→ **WORK INSTRUCTION**:
From the first line of the data through the line containing "Yellow embossed leather", transcribe each line exactly. Pictures do not belong in the copy.

→ **DATA PROVIDED**:
((
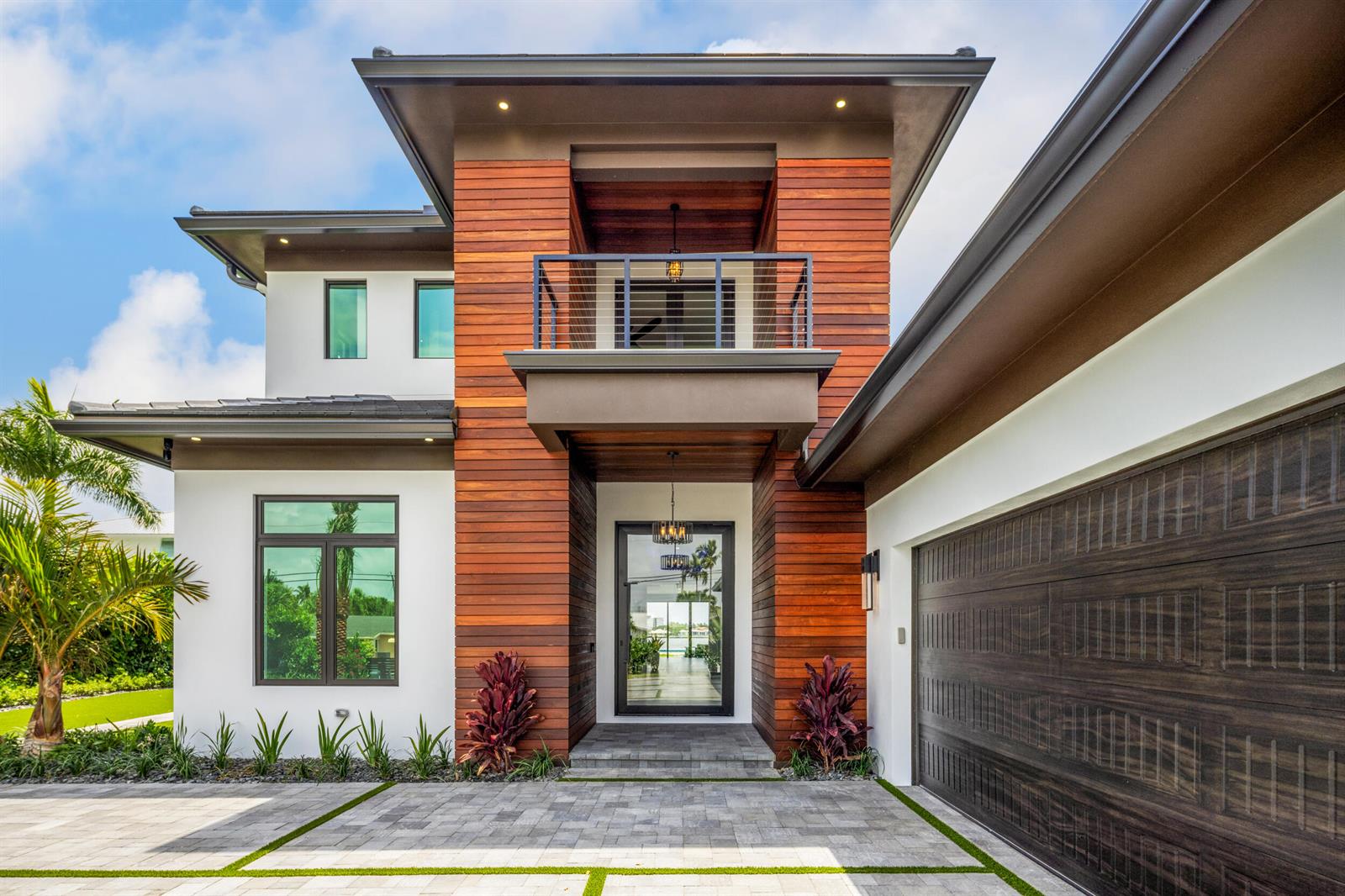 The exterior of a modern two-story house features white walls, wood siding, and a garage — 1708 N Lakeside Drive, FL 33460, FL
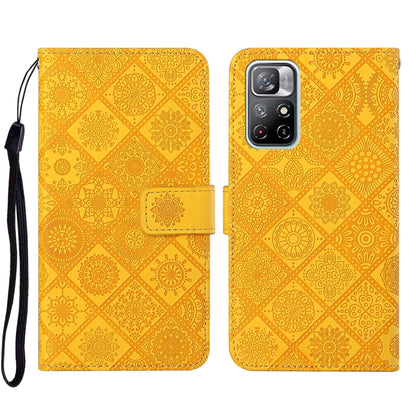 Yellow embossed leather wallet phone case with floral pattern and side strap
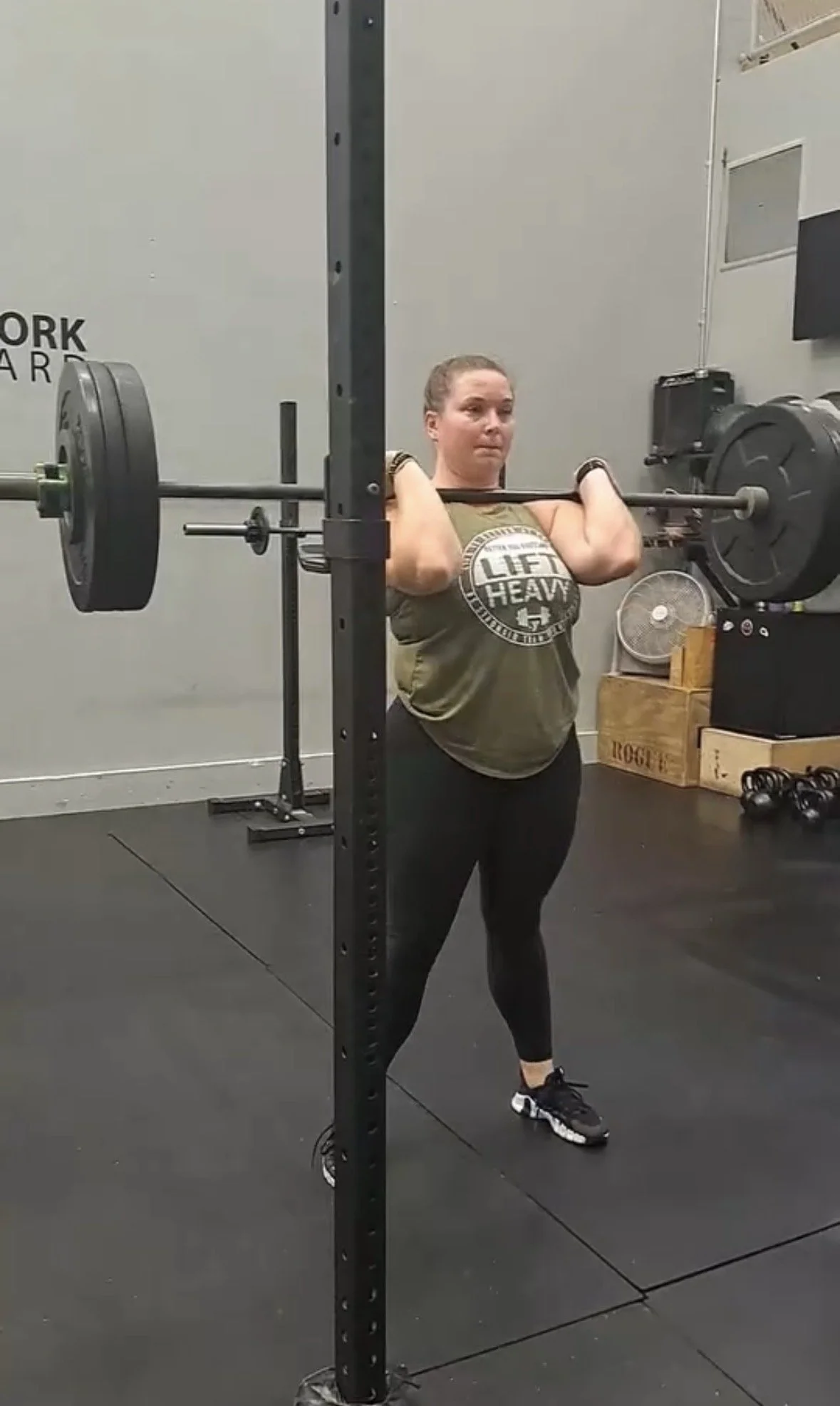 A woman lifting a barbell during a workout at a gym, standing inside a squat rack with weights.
))
→ **COMPLETED EXERCISE**:
 The exterior of a modern two-story house features white walls, wood siding, and a garage — 1708 N Lakeside Drive, FL 33460, FL
 Yellow embossed leather wallet phone case with floral pattern and side strap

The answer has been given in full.